Regarding: "I accidentally found that sending a JSON msg with ch_idx >= num_chs causes a segmentation fault in the processor. That probably ought to be fixed!" I can only say that if there is a third party client that sends a malformed message then indeed there are no checks build in and this can cause a crash. By the time when the tool was developed Christof did not want me to spent time on making the tool robust, but rather expect proper inputs. However, this is indeed something that can be improved. Please feel free to submit a separate issue for that.

Kind regards,

Ivan

On Fri, May 22, 2020 at 1:12 PM NDewdney notifications@github.com wrote:

Hi Ivan, Red Herring, my error, but... The client cfg file demo/tls/configs/client-no-tls.cfg is at fault.

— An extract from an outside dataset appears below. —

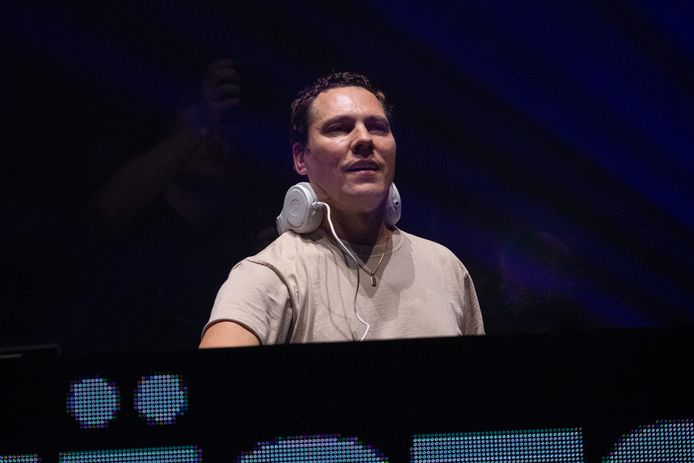 Tiesto Blijft Koploper In De Top 40 Show Bndestem Nl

Pre and Post server specs are set to port 9004 while they are set to 9005 for the demo set up. (Should have spotted that earlier - sorry). Having fixed that, using demo set up from bpbd-client works fine. Which means my root problem is actually my set-up of a WebSocket based client - which indeed turns out to be the case. So original issue sorted. But while playing, I accidentally found that sending a JSON msg with ch_idx >= num_chs causes a segmentation fault in the processor. That probably ought to be fixed!

— You are receiving this because you commented. Reply to this email directly, view it on GitHub https://github.com/ivan-zapreev/Distributed-Translation-Infrastructure/issues/21#issuecomment-632637092, or unsubscribe https://github.com/notifications/unsubscribe-auth/ACQ76HNSPEKSEH24NGEZRFDRSZMZZANCNFSM4NF2P6XQ .

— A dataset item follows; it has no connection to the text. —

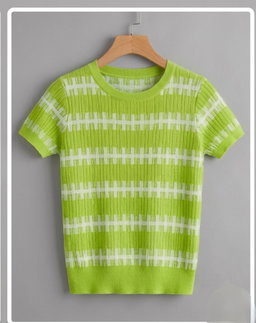 Fitted, short-sleeved fine-knit top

ivan-zapreev commented 4 years ago

while playing, I accidentally found that sending a JSON msg with ch_idx >= num_chs causes a segmentation fault in the processor. That probably ought to be fixed!

Regarding this, index issue. Please take a look at

https://github.com/ivan-zapreev/Distributed-Translation-Infrastructure/blob/master/inc/processor/processor_job.hpp

and the processor request handling function:

                   inline void add_request(proc_req_in * req) {
                        unique_guard guard(m_req_tasks_lock);

                        //Get the task index
                        uint64_t chunk_idx = req->get_chunk_idx();

                        //Assert sanity
                        ASSERT_SANITY_THROW((chunk_idx >= m_exp_num_chunks),
                                string("Improper chunk index: ") + to_string(chunk_idx) +
                                string(", must be <= ") + to_string(m_exp_num_chunks));

                        //Assert sanity
                        ASSERT_SANITY_THROW((m_req_tasks[chunk_idx] != NULL),
                                string("The chunk index ") + to_string(chunk_idx) +
                                string(" of the job request ") + m_job_token +
                                string(" from session ") + to_string(m_session_id) +
                                string(" is already set!"));

                        LOG_DEBUG << "Storing the job: " << req->get_job_token()
                                << " chunk: " << chunk_idx << END_LOG;

                        //Store the task
                        m_req_tasks[chunk_idx] = req;

                        //Increment the number of tasks
                        ++m_act_num_chunks;
                    }

As one can see there are sanity checks for the chunk indexes to be within the limits and more. However, these are disabled in non SANITY mode as such checks influence the performance. So for testing purposes I would suggest building and running the infrastructure in the SANITY mode, the information on that can be found in:

https://github.com/ivan-zapreev/Distributed-Translation-Infrastructure#project-compile-time-parameters

You may also run a server build with this mode in production but I have not estimated the performance drops for this case.